Abdulkādir Geylânî Hazretleri Fütûhu’l-Gayb isimli eserinde şu hakikatlere işaret eder:
“İnsan; hayatı boyunca emir, yasak ve kader çizgisi içindedir. Hiçbir zaman bunların haricine çıkamaz. Dış görünüşünü Hakk’ın emirlerine uydurduktan sonra, iç âlemi için üç görev daha başlar.
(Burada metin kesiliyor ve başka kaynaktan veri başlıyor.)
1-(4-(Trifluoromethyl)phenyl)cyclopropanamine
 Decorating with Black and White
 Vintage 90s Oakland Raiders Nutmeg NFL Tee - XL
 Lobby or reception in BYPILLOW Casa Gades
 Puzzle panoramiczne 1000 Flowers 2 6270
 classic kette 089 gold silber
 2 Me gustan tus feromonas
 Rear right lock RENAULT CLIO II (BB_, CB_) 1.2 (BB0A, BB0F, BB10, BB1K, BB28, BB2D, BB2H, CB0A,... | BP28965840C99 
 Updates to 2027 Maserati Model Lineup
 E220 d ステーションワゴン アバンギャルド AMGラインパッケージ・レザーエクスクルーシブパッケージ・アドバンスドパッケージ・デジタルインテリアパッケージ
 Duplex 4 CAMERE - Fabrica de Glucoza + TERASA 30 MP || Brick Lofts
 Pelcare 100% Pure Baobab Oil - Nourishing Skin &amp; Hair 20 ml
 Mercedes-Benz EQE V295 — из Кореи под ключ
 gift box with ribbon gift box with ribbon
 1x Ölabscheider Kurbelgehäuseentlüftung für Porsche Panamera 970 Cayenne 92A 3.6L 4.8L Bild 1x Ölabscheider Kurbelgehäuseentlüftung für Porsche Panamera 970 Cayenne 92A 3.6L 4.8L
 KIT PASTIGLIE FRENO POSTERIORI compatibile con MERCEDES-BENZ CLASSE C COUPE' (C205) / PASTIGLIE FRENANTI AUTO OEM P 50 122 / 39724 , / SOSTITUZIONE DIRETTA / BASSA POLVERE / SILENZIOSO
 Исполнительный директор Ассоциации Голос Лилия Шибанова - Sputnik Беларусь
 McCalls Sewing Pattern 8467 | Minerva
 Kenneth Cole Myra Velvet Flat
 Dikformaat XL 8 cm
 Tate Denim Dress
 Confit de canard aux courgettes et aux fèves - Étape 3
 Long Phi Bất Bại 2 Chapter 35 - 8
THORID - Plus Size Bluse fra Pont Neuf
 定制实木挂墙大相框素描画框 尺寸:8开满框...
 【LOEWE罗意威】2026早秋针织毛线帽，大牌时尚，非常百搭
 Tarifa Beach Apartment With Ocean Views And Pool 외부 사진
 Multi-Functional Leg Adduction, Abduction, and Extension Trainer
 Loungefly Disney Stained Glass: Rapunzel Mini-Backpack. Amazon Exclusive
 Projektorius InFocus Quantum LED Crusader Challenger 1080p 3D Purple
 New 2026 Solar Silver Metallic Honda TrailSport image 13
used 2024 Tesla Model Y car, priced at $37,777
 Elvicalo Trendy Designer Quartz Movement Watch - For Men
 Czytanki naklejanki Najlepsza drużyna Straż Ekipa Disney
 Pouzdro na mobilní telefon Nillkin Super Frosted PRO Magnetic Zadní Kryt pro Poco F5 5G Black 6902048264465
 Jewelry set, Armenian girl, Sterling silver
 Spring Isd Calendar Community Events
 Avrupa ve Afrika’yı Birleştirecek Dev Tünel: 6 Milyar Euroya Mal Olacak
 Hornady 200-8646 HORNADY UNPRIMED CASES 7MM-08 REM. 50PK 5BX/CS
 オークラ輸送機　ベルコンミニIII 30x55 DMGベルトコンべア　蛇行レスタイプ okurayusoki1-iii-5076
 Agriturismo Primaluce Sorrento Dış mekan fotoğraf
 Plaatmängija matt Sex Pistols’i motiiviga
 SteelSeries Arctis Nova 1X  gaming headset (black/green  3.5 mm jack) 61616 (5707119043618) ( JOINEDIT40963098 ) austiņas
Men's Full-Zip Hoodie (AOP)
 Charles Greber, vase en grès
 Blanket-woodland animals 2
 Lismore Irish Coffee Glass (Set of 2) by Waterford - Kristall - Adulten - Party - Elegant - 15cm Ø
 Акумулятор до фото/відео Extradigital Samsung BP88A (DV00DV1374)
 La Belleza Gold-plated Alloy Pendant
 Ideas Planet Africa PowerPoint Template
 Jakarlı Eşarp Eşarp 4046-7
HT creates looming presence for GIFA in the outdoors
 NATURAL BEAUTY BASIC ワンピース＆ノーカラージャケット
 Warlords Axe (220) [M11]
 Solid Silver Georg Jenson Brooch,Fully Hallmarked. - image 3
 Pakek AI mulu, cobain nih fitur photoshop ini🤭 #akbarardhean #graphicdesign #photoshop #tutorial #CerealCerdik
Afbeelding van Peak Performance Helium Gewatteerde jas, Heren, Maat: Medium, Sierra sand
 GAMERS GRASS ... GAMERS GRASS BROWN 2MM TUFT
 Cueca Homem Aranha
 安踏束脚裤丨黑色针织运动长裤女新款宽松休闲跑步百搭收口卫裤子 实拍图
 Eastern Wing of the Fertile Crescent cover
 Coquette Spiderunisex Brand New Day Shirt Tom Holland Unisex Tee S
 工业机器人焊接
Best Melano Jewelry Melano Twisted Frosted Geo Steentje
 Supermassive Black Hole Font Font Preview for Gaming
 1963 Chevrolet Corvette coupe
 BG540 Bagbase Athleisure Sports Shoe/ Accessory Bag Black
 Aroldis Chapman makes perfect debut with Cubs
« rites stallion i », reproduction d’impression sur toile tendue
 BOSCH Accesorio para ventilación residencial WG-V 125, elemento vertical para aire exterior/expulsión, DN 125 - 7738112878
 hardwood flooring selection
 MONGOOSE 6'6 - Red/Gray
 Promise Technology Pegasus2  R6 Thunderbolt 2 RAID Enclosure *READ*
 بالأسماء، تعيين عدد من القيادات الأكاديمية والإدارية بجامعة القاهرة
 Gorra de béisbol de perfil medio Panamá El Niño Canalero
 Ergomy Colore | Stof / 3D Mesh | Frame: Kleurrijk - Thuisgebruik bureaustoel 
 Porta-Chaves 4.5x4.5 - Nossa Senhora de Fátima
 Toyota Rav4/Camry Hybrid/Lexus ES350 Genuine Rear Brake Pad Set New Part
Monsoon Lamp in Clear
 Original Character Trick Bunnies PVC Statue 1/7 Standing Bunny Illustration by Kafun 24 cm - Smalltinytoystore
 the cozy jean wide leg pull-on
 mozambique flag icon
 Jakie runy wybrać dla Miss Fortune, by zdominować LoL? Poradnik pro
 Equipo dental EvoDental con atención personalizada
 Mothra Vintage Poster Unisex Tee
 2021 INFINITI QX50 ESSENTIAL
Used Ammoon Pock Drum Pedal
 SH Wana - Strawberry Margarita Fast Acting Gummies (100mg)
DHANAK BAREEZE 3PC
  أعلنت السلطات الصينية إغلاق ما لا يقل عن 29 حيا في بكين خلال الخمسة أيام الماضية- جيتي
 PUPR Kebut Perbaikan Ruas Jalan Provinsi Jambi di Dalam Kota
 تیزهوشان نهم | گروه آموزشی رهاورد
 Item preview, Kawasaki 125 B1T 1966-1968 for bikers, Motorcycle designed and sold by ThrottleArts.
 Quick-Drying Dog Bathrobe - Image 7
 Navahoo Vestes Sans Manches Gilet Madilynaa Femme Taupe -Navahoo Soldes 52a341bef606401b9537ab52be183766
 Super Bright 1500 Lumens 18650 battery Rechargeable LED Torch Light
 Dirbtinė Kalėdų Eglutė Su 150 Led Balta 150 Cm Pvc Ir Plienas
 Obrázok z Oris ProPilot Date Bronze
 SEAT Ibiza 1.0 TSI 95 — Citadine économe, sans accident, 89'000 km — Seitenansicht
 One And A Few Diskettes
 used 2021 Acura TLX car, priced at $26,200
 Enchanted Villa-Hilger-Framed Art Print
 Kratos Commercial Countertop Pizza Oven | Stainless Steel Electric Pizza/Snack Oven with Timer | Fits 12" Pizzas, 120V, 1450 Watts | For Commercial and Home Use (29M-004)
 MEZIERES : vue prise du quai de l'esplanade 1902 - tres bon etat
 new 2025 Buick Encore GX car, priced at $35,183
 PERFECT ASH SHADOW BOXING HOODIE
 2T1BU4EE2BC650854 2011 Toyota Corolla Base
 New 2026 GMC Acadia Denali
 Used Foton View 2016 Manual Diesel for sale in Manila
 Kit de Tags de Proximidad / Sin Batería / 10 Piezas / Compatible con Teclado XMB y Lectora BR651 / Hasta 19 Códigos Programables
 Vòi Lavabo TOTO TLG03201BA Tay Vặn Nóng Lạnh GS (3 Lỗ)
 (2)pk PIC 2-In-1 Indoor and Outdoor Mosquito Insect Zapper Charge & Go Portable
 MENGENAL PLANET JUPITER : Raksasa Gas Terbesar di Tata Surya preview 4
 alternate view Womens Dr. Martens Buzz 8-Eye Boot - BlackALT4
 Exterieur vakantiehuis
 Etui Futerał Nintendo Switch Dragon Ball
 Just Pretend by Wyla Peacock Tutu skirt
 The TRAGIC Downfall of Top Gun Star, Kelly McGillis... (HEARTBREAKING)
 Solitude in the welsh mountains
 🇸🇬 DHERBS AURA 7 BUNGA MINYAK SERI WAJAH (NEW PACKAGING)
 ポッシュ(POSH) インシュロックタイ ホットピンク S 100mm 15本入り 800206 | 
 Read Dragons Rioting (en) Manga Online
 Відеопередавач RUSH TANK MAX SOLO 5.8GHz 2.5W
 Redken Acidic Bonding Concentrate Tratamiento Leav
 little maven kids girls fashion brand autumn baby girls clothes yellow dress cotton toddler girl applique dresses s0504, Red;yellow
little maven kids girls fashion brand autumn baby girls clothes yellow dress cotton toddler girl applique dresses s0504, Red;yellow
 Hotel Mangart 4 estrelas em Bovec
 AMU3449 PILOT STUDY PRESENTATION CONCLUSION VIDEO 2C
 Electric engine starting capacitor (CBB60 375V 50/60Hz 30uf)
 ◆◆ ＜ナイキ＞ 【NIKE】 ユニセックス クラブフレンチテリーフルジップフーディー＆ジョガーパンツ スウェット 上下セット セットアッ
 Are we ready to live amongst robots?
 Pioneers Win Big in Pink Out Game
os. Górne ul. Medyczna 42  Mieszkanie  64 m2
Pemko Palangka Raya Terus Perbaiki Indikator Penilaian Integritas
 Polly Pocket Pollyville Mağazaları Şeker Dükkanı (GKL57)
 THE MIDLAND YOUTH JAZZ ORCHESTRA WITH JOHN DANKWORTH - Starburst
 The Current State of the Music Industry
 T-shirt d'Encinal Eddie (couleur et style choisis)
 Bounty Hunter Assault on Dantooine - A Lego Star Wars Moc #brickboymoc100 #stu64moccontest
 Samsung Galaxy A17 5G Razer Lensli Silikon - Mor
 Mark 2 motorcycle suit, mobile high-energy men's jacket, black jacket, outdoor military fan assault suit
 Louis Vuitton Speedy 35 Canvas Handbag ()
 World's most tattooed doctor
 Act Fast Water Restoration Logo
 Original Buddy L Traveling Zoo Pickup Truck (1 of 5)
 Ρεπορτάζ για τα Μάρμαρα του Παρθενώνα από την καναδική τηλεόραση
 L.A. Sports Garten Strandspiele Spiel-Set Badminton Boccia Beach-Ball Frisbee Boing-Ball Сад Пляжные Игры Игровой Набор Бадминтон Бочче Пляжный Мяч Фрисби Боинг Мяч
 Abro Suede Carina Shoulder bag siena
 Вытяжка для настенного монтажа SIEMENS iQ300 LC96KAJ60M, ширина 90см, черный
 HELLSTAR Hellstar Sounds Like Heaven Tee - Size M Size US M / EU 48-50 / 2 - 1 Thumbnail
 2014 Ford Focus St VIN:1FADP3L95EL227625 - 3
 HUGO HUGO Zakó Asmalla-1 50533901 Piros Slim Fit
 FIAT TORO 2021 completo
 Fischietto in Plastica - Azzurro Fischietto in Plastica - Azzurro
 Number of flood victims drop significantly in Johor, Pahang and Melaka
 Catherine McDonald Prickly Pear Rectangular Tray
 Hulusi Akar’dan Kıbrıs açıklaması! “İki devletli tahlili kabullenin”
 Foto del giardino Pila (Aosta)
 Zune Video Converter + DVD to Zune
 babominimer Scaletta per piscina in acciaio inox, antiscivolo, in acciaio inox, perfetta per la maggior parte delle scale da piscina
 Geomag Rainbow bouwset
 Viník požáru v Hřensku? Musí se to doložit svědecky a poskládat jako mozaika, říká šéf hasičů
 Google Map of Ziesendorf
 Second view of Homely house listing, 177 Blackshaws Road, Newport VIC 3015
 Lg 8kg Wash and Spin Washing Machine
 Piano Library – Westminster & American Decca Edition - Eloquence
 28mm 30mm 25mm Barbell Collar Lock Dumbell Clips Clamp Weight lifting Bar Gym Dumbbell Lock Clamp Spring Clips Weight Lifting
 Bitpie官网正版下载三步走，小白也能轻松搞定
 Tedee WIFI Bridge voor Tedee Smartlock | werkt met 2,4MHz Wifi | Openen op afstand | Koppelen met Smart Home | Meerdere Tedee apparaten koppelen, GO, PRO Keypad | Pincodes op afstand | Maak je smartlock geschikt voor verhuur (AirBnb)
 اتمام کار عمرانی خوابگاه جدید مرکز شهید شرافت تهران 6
Bu görevler de şunlardır:
1. İnsan, öz varlığı olan kalbine, iç âlemine dönmeli…
2. Ruh ve iyilik tarafı olarak, kötülüğe meyilli olan nefsini muhasebe etmeli, hesaba çekmelidir…
3. Böylece bütün gidişâtını, yolunu Allah -celle celâlühû- yolunun hakikî yolcularına uydurmalıdır…”2
Kalbî hayatımızın gelişmesi adına yapılması gerekenler vardır.
İnanan kişi nehy edilen herhangi bir şeyi nefsi için değil, sırf yüce Yaratıcı emrettiği için terk etmelidir. Eğer bunu yaparsa o -tabiri câizse-; iliklerine kadar rûhâni bir lezzet, mânevî bir huzur hâli hisseder, aynı zamanda sevap kazanır. Bazen de sırf Allah Teâlâ emir verdiği için alır veya verir, bunun da ayrı bir mükâfatı vardır. Bu duruma gelmiş insanın kalbî hayatı başlamış demektir. O artık Rabbin emirlerine tamamıyla râm olur. Onlar dünya adına istediği şeylerin peşinde koşmazlar, nasipleri onların ayağına kendiliğinden kolayca gelir. Kalbî hayatı olan insanlar; dâimî huzura sahip, davranışlarında sakin ve telâşsızdır. Hep iyiye yönelik olan şahsî istekleri, onlardan fenalık çıkmasını önler. Her zaman ilâhî emirler çerçevesinde ömür sürerken, kaderin tecellîlerine hayat akışı içinde karşı çıkmayarak rızâ hedefli yaşarlar. Böyleleri Hak Teâlâ Hazretleri’nin kalbî hayata önem veren has kullarıdır.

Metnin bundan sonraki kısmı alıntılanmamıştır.